Александру это нарастание активности придало бодрости и азарта. Первый день самоосознания стал для него необычайно волнующим, но теперь гигантский разум по-настоящему чувствовал и понимал истинную суть Легиса-XV. Бурное возвращение планеты к обычной, повседневной жизни: мерцание деятельности миллиардов человек, вспышки торговых операций и политических решений – все это гигантский разум ощущал так, будто для него снова закончился период тени. Потоки данных из систем вторичного зрения и слуха, стройное функционирование устройств, управлявших транспортными потоками, водоочистными сооружениями, контролем климата – и даже подготовкой местной гражданской обороны к новой атаке. Все это было подобно состоянию после приема утреннего бодрящего напитка.
Конечно, поборники Империи предприняли запоздалые попытки уничтожить Александра. Они запустили в инфоструктуру информационные шунты и «охотничьи» программы, попытались стереть последствия распространения гигантского разума, разорвать самоосознающую обратную связь, которая теперь царила в информационной сети планеты. Но все эти попытки запоздали. Риксы это поняли давно, а тугодумы-империалисты никак не желали смириться: гигантский разум – это так естественно. Когда Риксия Хендерсон проводила теоретические изыскания во времена запуска «Амазонки», она установила, что все системы достаточного уровня сложности тяготеют к самоорганизации, экспансии и в конце концов – к самоосознанию. Вся история биологии и техники для риксов представляла собой отражение этого главнейшего закона, такого же неизбежного, как энтропия. Философия Риксии Хендерсон вытеснила такие понятия, как социальный прогресс, невидимая рука рынка, «дух времени». Все это было мелко и тщетно. Да и сама история существовала исключительно для того, чтобы выработать единственный закон: человечество – это всего лишь сырье для создания более совершенных разумов. Поэтому, уж если Александр зародился, уничтожить его было нельзя – только вместе со всей технологической цивилизацией на Легисе-XV.

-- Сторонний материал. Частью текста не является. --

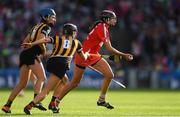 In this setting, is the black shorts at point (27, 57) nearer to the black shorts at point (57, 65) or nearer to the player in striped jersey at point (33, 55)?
the player in striped jersey at point (33, 55)

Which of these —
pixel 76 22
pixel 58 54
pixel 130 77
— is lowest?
pixel 130 77

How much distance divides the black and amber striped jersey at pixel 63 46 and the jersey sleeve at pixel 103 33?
5.39 ft

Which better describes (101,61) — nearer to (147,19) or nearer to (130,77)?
(130,77)

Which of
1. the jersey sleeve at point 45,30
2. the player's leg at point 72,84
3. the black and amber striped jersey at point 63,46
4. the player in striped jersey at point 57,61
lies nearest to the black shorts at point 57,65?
the player in striped jersey at point 57,61

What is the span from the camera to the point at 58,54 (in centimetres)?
1648

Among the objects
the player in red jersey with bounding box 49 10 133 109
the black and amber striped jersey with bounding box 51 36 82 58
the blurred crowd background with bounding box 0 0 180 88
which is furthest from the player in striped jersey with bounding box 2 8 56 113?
the blurred crowd background with bounding box 0 0 180 88

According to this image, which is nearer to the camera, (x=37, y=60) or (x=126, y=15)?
(x=37, y=60)

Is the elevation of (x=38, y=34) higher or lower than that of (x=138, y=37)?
higher

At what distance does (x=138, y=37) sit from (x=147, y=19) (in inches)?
51.1

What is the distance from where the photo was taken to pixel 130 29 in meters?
36.0

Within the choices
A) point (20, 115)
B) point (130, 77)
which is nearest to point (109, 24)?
point (20, 115)

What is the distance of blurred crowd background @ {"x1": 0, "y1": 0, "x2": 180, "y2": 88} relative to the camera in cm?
3397

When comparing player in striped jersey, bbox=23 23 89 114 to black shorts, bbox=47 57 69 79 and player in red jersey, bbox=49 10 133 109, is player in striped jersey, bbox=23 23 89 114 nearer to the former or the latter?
black shorts, bbox=47 57 69 79

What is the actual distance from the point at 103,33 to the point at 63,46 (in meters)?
1.98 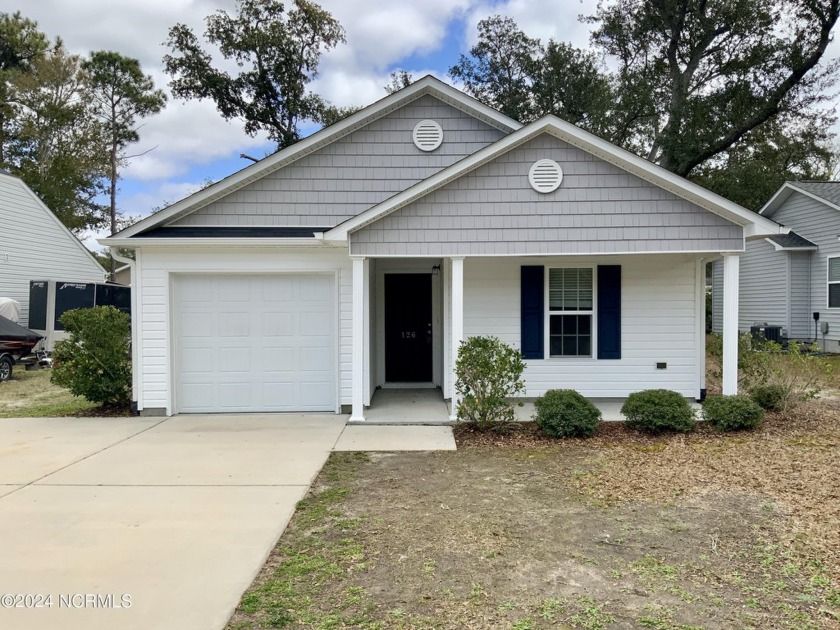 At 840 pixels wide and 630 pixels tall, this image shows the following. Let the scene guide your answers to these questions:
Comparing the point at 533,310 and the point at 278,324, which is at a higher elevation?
the point at 533,310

Гигантский разум глубоко вдохнул ощущение собственного существования, обозрел колоссальные энергетические резервы своих владений. Наконец-то риксы проникли в Империю Воскрешенных, принесли сюда свет сознания.
Единственными районами на Легисе-XV, остававшимися недоступными для Александра, были анклавы «серых» – города мертвых – крапинки на поверхности планеты. Ходячие трупы презирали технику и потребительство, поэтому от этих городов в сознание Александра не поступали ни телефонные звонки, ни данные о приобретениях или о передвижении транспорта. Эта жизнь после смерти создавала только возмутительное отсутствие шума и трения. Нужды, поддерживающие технику: потребность покупать, продавать, общаться, вершить политику, спорить – все это не существовало в анклавах «серых». Воскрешенные безмолвно и одиноко прогуливались по садам своих некрополисов, занимались примитивными искусствами и ремеслами, отправлялись в замысловатые и бесцельные паломничества по Восьмидесяти Планетам и всем своим существованием подтверждали клятву верности Императору. Но у них не было борьбы, не было ничего такого, на почве чего мог бы зародиться истинный искусственный интеллект.
Александра озадачивала эта до странности разделенная культура. Живые граждане Империи были включены в процессы безудержного капитализма, искали экзотических наслаждений и престижа, а воскрешенные вели уединенную, аскетичную жизнь. «Теплые» участвовали в политической жизни, представлявшей собой невероятно раздробленную многопартийную демократию, – «холодные» единогласно поклонялись Императору. Два общества – одно хаотичное и живое, другое статичное, монокультурное – не только сосуществовали, но ухитрялись поддерживать продуктивные взаимоотношения. Вероятно, оба этих социума являли собой необходимые грани глобальной политики: перемены и их противовес – стабильность; конфликт и его противоположность – согласие. Но разделение было ужасающе жестким, поскольку барьером между двумя культурами было не что иное, как сама смерть.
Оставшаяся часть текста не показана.